Rothstein argues against the view that adjectives simply lack an event or state argument because
adjectives can be modified by locative adverbials.
(i)
The psychologist considers the child well behaved at school.
54
Following Parsons (1990), Rothstein considers that the extra Davidsonian argument is used in
such adverbial modification. Since the adjective can be modified by a locative, there must be
some Davidsonian argument present with adjectives. Unlike verbs, however, this argument is a
mass entity rather than a count entity.
Complications arise with this example, though. There are important differences between
this type of modification with adjectives and with verbs.

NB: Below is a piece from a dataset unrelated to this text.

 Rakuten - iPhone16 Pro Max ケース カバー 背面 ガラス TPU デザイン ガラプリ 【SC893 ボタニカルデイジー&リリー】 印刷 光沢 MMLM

One of the reasons in favor of the
Davidsonian approach to this type of adverbial modification is that we can explain the entailment
patterns seen with sentences which contain adverbials and those that don’t. With verbs, we can
get entailments from clauses with the adverbial to clauses without the adverbial. For example, if
(iia) is true, then (iib), which lacks the adverbial, is true as well.
(ii)
a.
b.
The psychologist saw the child behave at school.

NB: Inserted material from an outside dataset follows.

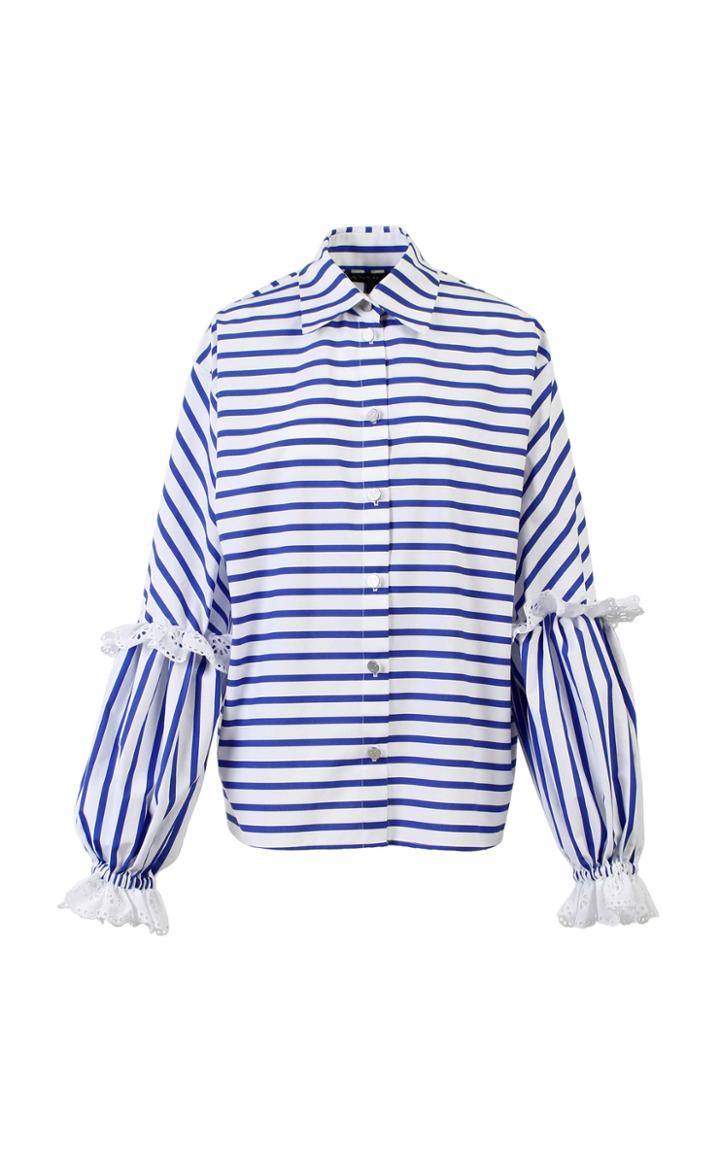Anouki White & Blue Striped Shirt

The psychologist saw the child behave.
But this is not the case with adjectives; sentence (iiia) does not entail sentence (iiib).
(iii)
a.
b.
The psychologist considers the child well behaved at school.
The psychologist considers the child well behaved.

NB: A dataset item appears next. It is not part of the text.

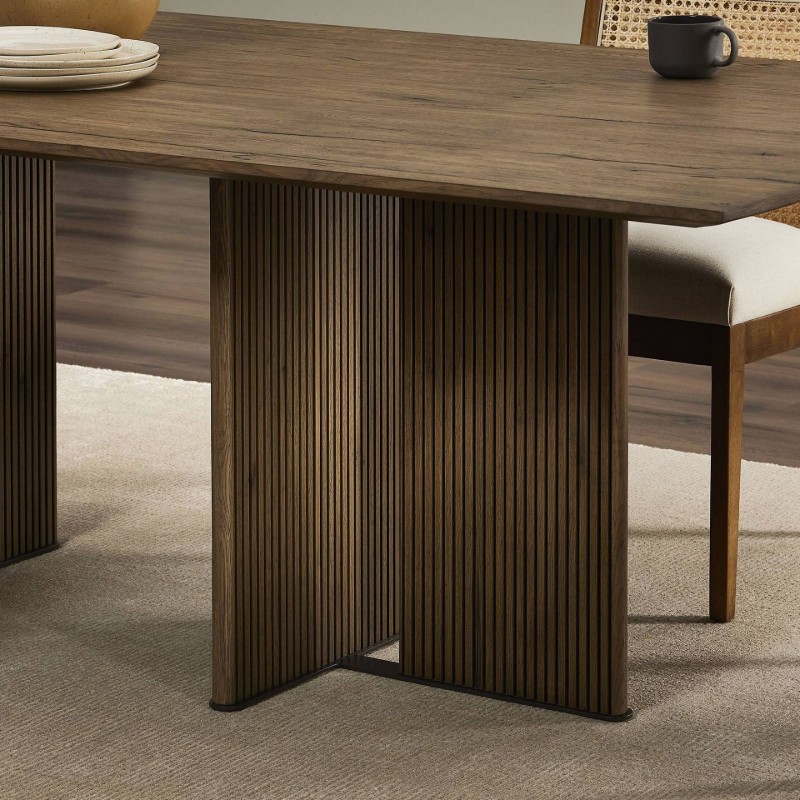 Novira Dining Table – Modern Fluted Design | Natural Wood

Since verbs and adjectives are not parallel in this respect, it is unclear whether the presence of
locative adverbials supports the claim that there is some sort of Davidsonian argument with
adjectives.
12. Likewise, for Rothstein (1999), it is ‘be’ which is a function from the denotation of
adjectives into the denotations of verbs. In this way ‘be’ maps from states, which are mass-like,
to eventualities, which are count-like.
13. In making this claim that the small clause complement to ‘seems’ is a categorical small
clause, I do not suggest that the adjective within this small clause must be an individual level
predicate, ascribing a permanent property to the subject. In the examples, the adjective ‘sick’ is
55
not used as ascribing a permanent property to the subject, but only a transitory one. While
individual level predicates must participate in a categorical predication, it is not the case that
every categorical predication involves an individual level predicate. For example, Lambrecht
(1994) gives examples of thetic/categorical pairs which involve what would be considered a
stage level predicate. The distinction here has to do with whether or not the subject is singled
out; with ‘seems’, the SC complement involves a predication in which the subject must be
singled out, whether or not there is an IL predicate. This ‘singling out’ creates the categorical
predication. Also, while stage level predicates typically express temporary properties, not all
predicates expressing temporary properties are stage level. For example, Diesing (1992) shows
that certain adjectives expressing temporary psychological states are individual level. Thus, the
adjectives ‘angry’, nervous’, ‘cheerful’, while expressing temporary states, fails to appear in
‘there’ insertion sentences and requires their subjects to be generic. Kiss (1998) also notes that
there are certain predicates expressing temporary states that behave more like individual level
predicate, in that their subjects are generic. Thus it would be wrong to suggest that simply
because we have a predicate expressing a temporary state in the small clause, that small clause
must express a thetic judgement.
14. Note that the ungrammaticality of sentence (48) has been used to support the idea that the
postverbal NP in such expletive constructions receives an inherent case (see Belletti 1987,
Lasnik 1995). Since ‘seems’ does not theta mark the postverbal NP, it cannot assign an inherent
case to this NP. Since ‘seems’ does not assign a structural case, the postverbal NP lacks case,
and the sentence is ungrammatical. Here, I argue that it is not a consequence of inherent case,
but a consequence of the type of judgement expressed by the small clause.